Start of Materials provided

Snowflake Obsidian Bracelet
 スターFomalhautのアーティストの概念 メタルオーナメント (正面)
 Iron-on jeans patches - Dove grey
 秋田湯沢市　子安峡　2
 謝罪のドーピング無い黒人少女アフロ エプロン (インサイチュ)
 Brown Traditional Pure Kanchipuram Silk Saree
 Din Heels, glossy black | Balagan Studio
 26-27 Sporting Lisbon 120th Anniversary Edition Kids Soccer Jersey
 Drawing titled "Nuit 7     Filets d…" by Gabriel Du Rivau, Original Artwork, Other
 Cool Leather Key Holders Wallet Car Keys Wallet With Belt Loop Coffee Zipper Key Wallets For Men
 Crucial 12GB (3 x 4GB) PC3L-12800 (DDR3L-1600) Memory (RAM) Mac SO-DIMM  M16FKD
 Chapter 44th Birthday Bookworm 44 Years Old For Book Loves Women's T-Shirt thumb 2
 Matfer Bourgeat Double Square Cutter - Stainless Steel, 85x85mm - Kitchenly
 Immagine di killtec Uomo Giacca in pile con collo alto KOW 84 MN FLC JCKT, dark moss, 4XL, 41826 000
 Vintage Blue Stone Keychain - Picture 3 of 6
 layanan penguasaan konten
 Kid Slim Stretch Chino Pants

End of Materials provided

What needs to be done: No line may be left out; the records are to be transcribed in full.

Exercise output:
Snowflake Obsidian Bracelet
 スターFomalhautのアーティストの概念 メタルオーナメント (正面)
 Iron-on jeans patches - Dove grey
 秋田湯沢市　子安峡　2
 謝罪のドーピング無い黒人少女アフロ エプロン (インサイチュ)
 Brown Traditional Pure Kanchipuram Silk Saree
 Din Heels, glossy black | Balagan Studio
 26-27 Sporting Lisbon 120th Anniversary Edition Kids Soccer Jersey
 Drawing titled "Nuit 7     Filets d…" by Gabriel Du Rivau, Original Artwork, Other
 Cool Leather Key Holders Wallet Car Keys Wallet With Belt Loop Coffee Zipper Key Wallets For Men
 Crucial 12GB (3 x 4GB) PC3L-12800 (DDR3L-1600) Memory (RAM) Mac SO-DIMM  M16FKD
 Chapter 44th Birthday Bookworm 44 Years Old For Book Loves Women's T-Shirt thumb 2
 Matfer Bourgeat Double Square Cutter - Stainless Steel, 85x85mm - Kitchenly
 Immagine di killtec Uomo Giacca in pile con collo alto KOW 84 MN FLC JCKT, dark moss, 4XL, 41826 000
 Vintage Blue Stone Keychain - Picture 3 of 6
 layanan penguasaan konten
 Kid Slim Stretch Chino Pants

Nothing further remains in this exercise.